While the potential protective role of a blunted immune response and/or of the anticoagulant therapy may only be speculated, our population offers an interesting view on a delicate aspect of the COVID-19 pandemic, that is the occurrence of a cluster of infections in a group of high-risk hospitalized patients. Eighteen out of 19 patients were infected, highlighting the contagiousness of the disease. The timing of the infection is also of interest. All our patients came in contact with the SARS-CoV2 postoperatively, after 10.0±4.8 days, while previous series included cases of preoperative infection and/or early postoperative infection: this could explain the severity of the perioperative COVID-19 observed by others.
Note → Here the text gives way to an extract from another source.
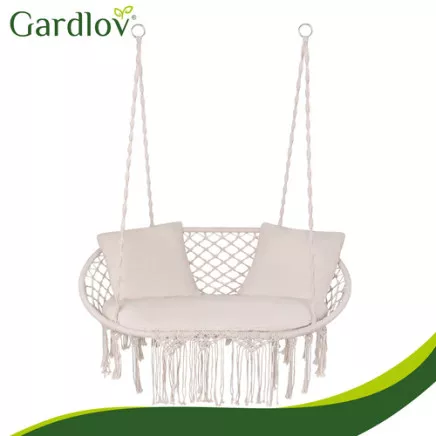 Poduszka na huśtawkę podwójną- kremowa Gardlov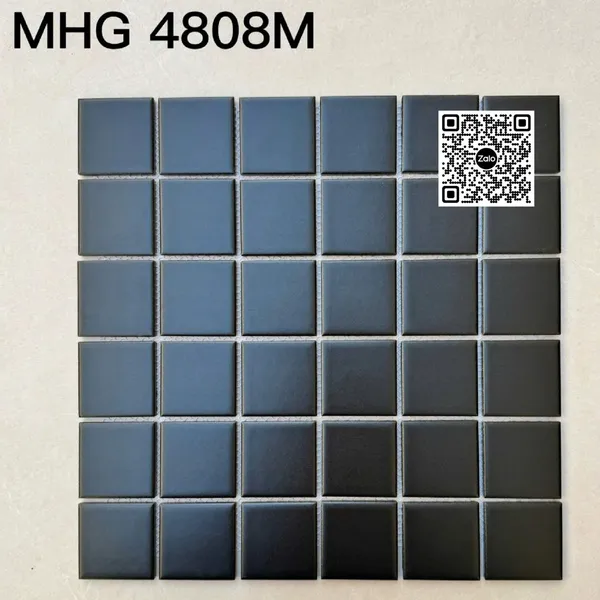 Gạch Mosaic 30x30 Ốp Dán Trang Trí màu đen MHG4808M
Our data show that the SARS-CoV2 infection after cardiac surgery may have a benign course. We believe the favorable outcome observed in our patients along with the negative experiences previously reported highlight the importance of an aggressive screening to rule out a preoperative infection (and to postpone the operation in positive patients whenever possible), and suggest that anticoagulation could help to prevent the development of severe COVID-19 in these patients. Further studies are needed to investigate the relationship between the surgery-induced inflammatory response, anticoagulation and severity of COVID-19.